Fashola’s career has been on the up, too, since he left office as governor. He was said to have pulled the string in Buhari’s choice of cabinet ministerslargely because he was about the closest to Aso Villa amongst the president’s south western allies. And Fashola has been enjoying all that to the chagrin of the APC founder and financier Bola Tinubu who weaned the ex-governor politically.
Many agree it’s not in doubt Tinubu has been looking for every opportunity to knock his godson, Fahola, off the pedestal. Circumstances could have made now the best time for the godfather to do that.
Amongst the ministers Buhari may kick out of his cabinet, Fashola ranks the most popular by reason of his portfolios, the budget N433.4 billion he controls, and experience. The finance minister was an ex-finance commissioner having her first attempt at managing a federal budget running into about N6.08 trillion. Amaechi, many believe, is more of a power politician than a transport minister.

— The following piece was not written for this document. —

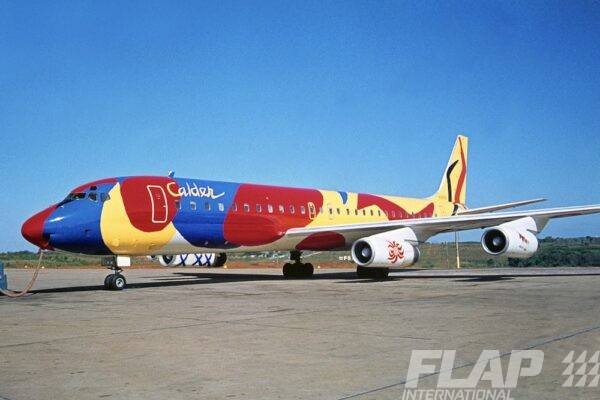 N1805 / DC-8-62 / Braniff International Airways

What might have made millions of Nigerians eyeball Fashola alone (which is a problem critics foresaw) is that more is expected from him. He’s managing three ministries comprising no fewer than 17 agencies and departments at a time Nigeria is cash-strapped, and his boss is in a hurry to deliver the goods.
The lingering power crisis, then, might just be a sign super minister Fashola is cringing under the load of demands from Buhari and Nigerians.